Der Attachment Q-Set ist ein Instrument zur Erhebung des Bindungsverhaltens zwischen Eltern - aber auch Erziehern - und dem Kind in natürlichem Kontext. Bei der Entwicklung des AQS war es dabei entscheidend, eine Methode zu entwickeln, die Kinder nicht derart unter Stress setzt wie der für das Säuglings- und Kleinkindalter sehr bekannte Fremde-Situations-Test. In diesem verlässt die Mutter unverhofft den Raum und das Kind bleibt mit einer fremden Person zurück. Entscheidend für die Beobachtung des Bindungsverhaltens ist in diesem Test, wie das Kind auf diese Trennung und die Wiederkehr der Mutter reagiert. Dem entgegen und damit auch ethisch vertretbarer sollte nun ein Verfahren entwickelt werden, bei welchem das Kind nicht von der Mutter getrennt wird. In unserem Fall unter Verwendung des AQS bedeutete dies, dass wir Mutter und Kind für zirka zwei Stunden passiv begleitet und beobachtet haben.
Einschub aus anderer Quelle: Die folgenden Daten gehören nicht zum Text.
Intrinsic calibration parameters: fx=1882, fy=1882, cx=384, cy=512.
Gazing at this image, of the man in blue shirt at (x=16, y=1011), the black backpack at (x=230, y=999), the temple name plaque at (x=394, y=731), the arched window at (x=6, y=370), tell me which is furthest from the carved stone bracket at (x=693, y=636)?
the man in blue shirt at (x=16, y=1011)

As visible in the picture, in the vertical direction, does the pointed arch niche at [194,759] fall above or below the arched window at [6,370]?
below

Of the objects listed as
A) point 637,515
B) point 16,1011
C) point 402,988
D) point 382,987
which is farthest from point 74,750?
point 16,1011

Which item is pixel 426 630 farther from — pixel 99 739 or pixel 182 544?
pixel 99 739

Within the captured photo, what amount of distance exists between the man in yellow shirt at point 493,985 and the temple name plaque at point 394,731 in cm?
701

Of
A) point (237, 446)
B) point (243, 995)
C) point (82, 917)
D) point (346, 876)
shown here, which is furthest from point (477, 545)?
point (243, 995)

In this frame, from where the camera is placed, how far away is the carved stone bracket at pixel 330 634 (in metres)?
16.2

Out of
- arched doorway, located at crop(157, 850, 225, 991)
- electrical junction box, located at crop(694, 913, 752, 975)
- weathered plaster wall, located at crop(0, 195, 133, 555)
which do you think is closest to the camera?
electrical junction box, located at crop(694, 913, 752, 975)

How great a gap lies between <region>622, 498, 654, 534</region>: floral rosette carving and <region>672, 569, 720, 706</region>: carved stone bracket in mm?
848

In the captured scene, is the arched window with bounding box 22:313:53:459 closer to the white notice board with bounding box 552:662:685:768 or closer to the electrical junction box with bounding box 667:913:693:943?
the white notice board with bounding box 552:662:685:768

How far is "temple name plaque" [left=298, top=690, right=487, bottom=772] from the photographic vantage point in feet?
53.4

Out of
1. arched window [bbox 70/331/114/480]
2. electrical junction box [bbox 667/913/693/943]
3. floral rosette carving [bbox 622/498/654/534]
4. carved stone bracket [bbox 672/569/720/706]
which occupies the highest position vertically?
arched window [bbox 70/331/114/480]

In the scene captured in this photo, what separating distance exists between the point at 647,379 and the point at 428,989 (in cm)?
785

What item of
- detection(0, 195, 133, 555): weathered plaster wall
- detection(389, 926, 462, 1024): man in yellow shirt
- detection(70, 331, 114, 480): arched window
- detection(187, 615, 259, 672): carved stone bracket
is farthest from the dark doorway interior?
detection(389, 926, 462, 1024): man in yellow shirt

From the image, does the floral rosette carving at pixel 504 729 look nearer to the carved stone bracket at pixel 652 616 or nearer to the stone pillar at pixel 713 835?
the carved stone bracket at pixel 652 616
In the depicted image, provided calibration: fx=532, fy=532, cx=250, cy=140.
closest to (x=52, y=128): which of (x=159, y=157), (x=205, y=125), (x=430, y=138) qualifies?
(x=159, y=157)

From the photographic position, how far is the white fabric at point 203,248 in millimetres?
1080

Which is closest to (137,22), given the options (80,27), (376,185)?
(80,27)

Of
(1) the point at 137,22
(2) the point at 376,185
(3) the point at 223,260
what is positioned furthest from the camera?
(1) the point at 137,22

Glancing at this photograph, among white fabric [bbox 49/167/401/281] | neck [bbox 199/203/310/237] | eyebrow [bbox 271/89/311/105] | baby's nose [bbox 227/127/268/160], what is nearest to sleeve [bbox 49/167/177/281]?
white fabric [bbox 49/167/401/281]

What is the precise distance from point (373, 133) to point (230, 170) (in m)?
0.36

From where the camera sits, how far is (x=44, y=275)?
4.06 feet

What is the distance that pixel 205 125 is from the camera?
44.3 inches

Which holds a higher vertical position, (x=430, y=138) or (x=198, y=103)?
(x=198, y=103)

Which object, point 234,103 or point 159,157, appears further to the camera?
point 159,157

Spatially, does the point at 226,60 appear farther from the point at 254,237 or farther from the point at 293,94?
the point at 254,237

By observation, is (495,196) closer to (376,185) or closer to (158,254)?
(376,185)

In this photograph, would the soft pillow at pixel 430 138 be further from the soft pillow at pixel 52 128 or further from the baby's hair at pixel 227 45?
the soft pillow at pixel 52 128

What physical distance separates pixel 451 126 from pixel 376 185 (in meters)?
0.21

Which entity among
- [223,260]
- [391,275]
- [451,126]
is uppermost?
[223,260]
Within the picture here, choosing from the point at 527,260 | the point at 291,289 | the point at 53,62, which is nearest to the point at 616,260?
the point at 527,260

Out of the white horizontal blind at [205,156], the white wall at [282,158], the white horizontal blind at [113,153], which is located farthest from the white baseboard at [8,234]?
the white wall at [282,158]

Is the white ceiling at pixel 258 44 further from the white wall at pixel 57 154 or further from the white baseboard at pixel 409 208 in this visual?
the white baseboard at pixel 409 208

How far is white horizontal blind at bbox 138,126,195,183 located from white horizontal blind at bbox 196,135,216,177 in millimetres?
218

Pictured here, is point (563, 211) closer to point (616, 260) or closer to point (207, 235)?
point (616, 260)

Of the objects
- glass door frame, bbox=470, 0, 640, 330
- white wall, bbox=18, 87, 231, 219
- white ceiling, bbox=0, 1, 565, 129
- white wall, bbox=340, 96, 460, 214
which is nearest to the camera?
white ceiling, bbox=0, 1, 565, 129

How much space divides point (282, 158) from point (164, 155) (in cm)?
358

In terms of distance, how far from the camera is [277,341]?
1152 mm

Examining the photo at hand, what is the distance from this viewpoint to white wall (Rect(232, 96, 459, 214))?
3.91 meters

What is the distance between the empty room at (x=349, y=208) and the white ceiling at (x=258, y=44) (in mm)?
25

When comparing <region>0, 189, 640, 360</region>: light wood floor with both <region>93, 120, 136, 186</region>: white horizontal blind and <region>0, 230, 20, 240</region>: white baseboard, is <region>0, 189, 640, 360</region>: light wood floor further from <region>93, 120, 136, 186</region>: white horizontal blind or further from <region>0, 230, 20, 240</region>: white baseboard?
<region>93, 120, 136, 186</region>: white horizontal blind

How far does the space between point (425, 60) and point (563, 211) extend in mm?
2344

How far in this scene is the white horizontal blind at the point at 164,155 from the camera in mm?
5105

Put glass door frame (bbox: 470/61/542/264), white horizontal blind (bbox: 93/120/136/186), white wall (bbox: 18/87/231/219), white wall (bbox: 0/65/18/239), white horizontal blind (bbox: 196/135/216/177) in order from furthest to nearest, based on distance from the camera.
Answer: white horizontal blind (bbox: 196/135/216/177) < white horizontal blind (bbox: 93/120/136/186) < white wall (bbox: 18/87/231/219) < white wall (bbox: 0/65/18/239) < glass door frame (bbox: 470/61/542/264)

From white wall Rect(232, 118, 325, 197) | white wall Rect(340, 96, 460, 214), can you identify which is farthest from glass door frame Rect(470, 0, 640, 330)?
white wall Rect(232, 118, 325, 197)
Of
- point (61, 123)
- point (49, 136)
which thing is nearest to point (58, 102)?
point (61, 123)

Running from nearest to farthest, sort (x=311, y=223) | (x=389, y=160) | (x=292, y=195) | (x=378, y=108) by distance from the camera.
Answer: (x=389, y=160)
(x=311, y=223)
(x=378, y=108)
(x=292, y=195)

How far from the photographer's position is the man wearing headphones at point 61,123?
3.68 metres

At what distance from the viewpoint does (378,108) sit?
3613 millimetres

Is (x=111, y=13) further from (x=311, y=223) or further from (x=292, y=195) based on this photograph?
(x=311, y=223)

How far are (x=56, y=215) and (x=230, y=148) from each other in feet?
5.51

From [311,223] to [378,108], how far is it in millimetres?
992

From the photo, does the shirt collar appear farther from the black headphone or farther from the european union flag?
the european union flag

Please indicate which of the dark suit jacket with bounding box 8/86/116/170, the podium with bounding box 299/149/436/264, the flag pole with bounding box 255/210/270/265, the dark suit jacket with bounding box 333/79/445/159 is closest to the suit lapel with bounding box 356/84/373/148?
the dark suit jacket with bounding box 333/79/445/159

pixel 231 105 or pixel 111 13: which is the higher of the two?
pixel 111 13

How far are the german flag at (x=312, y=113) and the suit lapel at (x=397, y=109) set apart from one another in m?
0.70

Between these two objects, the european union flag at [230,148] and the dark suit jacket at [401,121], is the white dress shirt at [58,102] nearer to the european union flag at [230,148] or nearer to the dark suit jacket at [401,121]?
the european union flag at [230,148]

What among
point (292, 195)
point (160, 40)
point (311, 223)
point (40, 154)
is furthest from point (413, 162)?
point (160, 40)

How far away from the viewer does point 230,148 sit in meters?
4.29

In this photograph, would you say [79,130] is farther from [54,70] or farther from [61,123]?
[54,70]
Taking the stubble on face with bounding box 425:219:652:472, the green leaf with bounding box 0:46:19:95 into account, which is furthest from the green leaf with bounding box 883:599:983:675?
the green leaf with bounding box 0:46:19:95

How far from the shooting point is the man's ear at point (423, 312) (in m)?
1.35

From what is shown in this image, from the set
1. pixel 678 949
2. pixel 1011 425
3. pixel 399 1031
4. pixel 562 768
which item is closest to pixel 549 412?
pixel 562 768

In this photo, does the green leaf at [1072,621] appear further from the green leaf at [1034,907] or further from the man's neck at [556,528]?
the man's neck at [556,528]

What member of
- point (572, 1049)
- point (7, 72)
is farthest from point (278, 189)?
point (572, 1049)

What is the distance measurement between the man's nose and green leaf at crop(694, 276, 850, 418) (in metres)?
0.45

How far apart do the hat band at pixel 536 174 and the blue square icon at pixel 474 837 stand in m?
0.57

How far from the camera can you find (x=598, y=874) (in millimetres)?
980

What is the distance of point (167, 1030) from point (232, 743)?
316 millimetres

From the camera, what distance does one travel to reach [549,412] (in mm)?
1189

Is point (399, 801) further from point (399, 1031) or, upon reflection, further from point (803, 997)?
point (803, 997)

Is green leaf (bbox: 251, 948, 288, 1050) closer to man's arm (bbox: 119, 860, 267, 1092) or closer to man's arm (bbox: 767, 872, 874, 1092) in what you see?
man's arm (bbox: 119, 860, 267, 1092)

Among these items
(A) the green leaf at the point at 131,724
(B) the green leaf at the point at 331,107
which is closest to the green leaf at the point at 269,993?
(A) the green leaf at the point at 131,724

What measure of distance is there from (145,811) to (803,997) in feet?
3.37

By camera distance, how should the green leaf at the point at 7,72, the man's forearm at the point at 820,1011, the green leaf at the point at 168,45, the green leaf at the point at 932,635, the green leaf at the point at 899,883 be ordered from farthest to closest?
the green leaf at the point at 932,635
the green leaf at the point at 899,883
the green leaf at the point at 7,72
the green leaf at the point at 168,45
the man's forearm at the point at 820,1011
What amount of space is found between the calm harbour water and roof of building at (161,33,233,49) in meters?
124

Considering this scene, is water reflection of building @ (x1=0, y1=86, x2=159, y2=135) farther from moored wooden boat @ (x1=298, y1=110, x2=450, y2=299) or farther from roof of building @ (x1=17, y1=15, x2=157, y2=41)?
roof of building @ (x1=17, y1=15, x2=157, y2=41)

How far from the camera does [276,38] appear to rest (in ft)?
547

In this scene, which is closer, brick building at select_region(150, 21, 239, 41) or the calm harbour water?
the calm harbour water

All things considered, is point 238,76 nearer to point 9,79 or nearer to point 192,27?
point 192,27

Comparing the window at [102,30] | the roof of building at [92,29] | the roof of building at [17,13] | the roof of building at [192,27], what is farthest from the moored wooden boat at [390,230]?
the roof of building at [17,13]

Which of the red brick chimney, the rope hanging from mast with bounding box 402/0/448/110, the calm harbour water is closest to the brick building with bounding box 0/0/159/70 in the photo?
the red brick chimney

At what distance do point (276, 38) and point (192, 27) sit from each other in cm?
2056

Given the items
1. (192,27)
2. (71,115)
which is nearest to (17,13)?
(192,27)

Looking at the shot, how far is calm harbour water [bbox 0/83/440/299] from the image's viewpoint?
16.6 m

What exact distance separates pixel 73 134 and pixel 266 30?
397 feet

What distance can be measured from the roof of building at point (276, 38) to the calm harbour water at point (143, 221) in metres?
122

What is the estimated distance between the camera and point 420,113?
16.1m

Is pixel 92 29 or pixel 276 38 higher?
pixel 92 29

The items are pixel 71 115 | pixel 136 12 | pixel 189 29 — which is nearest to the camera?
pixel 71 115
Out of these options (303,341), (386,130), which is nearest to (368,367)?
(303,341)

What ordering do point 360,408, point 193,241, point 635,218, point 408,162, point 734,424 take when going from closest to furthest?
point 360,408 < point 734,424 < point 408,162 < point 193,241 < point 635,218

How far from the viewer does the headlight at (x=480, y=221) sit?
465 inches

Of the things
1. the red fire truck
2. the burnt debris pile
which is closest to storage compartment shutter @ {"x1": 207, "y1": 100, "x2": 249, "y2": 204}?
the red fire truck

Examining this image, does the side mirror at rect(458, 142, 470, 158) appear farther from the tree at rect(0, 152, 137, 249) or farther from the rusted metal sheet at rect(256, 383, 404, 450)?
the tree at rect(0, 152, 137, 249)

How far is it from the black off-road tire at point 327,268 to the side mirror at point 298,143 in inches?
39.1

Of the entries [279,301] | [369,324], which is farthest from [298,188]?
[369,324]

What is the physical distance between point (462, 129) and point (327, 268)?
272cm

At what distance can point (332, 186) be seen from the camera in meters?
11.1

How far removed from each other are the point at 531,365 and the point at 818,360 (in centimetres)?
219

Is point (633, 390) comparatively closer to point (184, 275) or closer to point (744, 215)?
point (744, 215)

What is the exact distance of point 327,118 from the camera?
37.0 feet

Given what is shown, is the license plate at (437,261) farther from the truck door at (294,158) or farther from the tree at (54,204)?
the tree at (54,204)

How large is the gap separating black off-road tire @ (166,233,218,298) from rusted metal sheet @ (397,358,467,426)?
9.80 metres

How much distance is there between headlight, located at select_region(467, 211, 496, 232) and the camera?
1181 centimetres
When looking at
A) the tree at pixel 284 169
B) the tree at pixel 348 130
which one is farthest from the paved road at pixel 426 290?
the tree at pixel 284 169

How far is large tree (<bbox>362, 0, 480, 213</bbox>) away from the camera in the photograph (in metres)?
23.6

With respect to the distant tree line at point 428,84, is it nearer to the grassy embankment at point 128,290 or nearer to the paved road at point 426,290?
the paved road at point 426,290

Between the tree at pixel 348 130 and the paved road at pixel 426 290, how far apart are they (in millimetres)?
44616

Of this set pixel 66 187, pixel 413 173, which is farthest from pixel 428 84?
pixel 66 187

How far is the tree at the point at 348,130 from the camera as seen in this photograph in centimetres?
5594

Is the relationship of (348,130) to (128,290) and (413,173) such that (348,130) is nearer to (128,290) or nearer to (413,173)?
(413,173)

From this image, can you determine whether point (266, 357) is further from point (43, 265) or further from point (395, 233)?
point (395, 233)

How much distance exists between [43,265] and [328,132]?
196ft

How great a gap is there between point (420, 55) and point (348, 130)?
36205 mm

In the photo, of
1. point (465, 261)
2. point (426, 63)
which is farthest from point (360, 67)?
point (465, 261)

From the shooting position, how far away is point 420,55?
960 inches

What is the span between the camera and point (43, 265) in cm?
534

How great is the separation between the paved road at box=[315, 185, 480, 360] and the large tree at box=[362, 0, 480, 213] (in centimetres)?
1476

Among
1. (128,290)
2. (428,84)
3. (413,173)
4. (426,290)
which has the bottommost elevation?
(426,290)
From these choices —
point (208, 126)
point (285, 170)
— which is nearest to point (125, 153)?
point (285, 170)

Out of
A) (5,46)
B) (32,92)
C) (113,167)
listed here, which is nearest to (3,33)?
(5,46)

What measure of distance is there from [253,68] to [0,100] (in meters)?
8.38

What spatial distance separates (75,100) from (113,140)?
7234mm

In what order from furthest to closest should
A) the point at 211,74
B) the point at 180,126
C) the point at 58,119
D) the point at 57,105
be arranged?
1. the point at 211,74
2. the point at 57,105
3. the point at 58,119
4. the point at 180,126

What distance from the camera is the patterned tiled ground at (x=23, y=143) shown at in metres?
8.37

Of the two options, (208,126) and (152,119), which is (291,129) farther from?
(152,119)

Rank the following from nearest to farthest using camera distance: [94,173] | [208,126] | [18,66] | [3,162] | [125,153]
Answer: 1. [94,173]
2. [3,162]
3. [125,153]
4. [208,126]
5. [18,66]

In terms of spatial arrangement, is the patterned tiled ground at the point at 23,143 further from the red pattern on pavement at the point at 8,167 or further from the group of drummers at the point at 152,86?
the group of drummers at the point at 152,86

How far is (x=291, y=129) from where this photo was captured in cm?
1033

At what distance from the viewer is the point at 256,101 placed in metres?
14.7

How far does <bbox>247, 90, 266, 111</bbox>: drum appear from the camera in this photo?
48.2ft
Beobachtet wurde das sogenannte secure-base-Verhalten. Dies zeigt, dass die Bezugsperson als „sicherer Hafen“ dient. Dieses Verhalten wird dann anhand von 90 Fragen von einem oder zwei unabhängigen Beobachtern beschrieben. Am Ende erhält man einen Bindungswert, der Auskunft darüber gibt, in welchem Maße das Kind in der Lage ist, seine Mutter als sichere Basis anzunehmen bzw. inwieweit die Mutter ihm die Möglichkeit hierzu gewährt.
Was sind die Schwachstellen der Studie?
Es wäre - wie so oft in der Forschung - erfreulich gewesen, hätten wir noch deutlich mehr Familien in die Erhebung einschließen können, da Effekte mit kleinen Stichproben recht vorsichtig zu interpretieren sind. Da unsere Erhebungen durch die Hausbesuche bei den Familien und einer mehrstündigen Auswertung pro Kind unsere Ressourcen erschöpften, war dies leider nicht möglich. Äußerst spannend wäre es etwa auch, die Bindung zwischen Vater und Kind zusätzlich zu erheben oder die Bindungsstile der Eltern selbst – hieraus könnte sich weitere Risiko- aber auch Schutzfaktoren ergeben.